For those of us of a certain age, the comedian Jerry Lewis was an icon. Back when there were only two or three TV network options, Jerry Lewis hosted a Labor Day weekend all-night telethon to raise money for the Muscular Dystrophy Association. Lots of people watched. It was fun to stay up all night, just to see how much money he could raise, as the celebrity himself, punch-drunk with sleep deprivation, returned from each commercial break increasingly disheveled. Dangling cigarette, stray curl, freed from slicked hair and tuxedo tie removed, he meant business. I think of Jerry Lewis' influence every time I read about a celebrity telethon. This week, Jamie Lee Foxx announced he will host a Hurricane Harvey fundraiser, September 12 at 8 pm, ET. Simulcasts will appear in LA, New York and Nashville. Too many celebrities to list, but it includes heavy hitters like George Clooney, Oprah Winfrey, Julia Roberts, Reese Witherspoon. etc. At one point in the 70s, the Jerry Lewis Telethon earned 85 million viewers. With new fund-raising models, like the Ice Bucket Challenge, and the ease of donating via text, it will be interesting to see both how many viewers tune in and how much money is raised. And, hopefully, Hurricane Irma won't knock out power to too many TV homes.
Micro Moment Obsession
I'm kinda obsessed with what Google calls "micro moments" because it's a unique opportunity for marketers to provide a consumer solution at a critical moment. It's not so much stocking the pond as much catching the big trout. Micro moments are the times when consumers, who are increasingly accustomed to on-demand, immediate information gratification, reflexively turn to a mobile device for answers.

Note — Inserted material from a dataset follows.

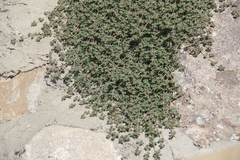 Euphorbia chamaesyce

Google calls it "I want to know" or "I want to buy" moments. This week Google's VP of Marketing for the Americas writes about the increase in mobile searches for "best" anything, which have grown 80% in the past two years. The growth even extends to low-consideration purchases, like umbrellas, which have grown in search 140% in the past two years. And, really, someone does need to invent a better umbrella. That said, imagine what the "best" search phenomenon does for mortgages or cars. Also on the increase? Mobile searches for product reviews and especially mobile video for reviews. Read more here.
Is That Gross or Net?
This week Facebook shared discovery that it sold at least $100,000 in advertising to bogus accounts, all seemingly tied to Russian interest in manipulating our presidential election. Facebook says they have found $100,000 in ad spend from June of 2015 to May of 2017, associated with roughly 3,000 ads, that was connected to about 470 inauthentic accounts and Pages. Couple thoughts here: 1) That math equates to about 6 ads per inauthentic account. Smart strategy to spread ad spend thin enough to elude detection. And make it really difficult for FB to unravel. 2) Knowing how many impressions $100,000 will get you, over an alleged period of two years, my sense is $100,000 is the tip of the iceberg.

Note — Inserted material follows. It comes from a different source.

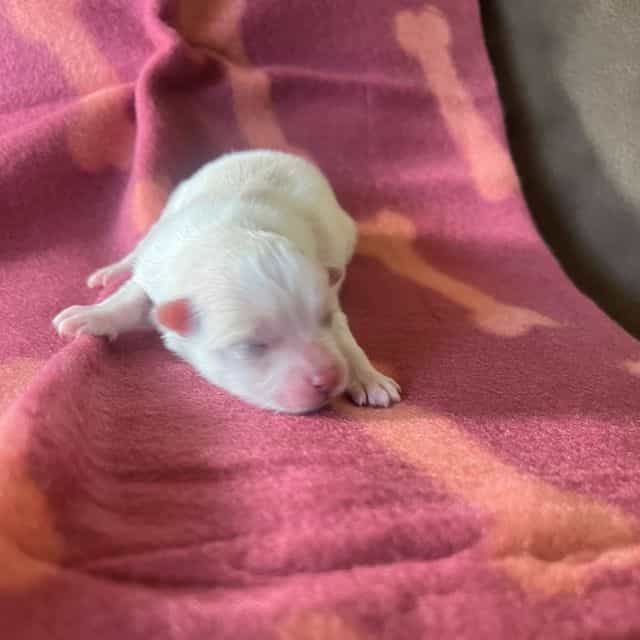Glendale - Pomeranian Female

CVS announced this week that it will launch kiosks in travel hubs and college campuses. While it's not exacly the champagne kiosk I would have preferred in Boston's South Station, it is a really, really helpful idea. One retail analyst sees the move as a preemptive strike against Amazon, who is talking about an online pharmacy. I see it as much a marketing move as business solution. Like bank ATMs, the out-of-home branding exposure, in a micro moment of need (I'm traveling and forgot my contact solution), high-traffic area, medium that can't be turned off, is worth more than the kiosk-generated revenue.
Jet Blue Win
And speaking of non-traditional messaging genius, this week's nod goes to Jet Blue, which capped its out-of-Florida flights at $99, in response to Hurricane Irma. Considering the finite number of revenue Jet Blue risked losing to higher-priced seats and the infinite number of earned and owned media impressions in a significant news cycle, my guess is the ROI is positive. Plus they got to do something good. Win-win.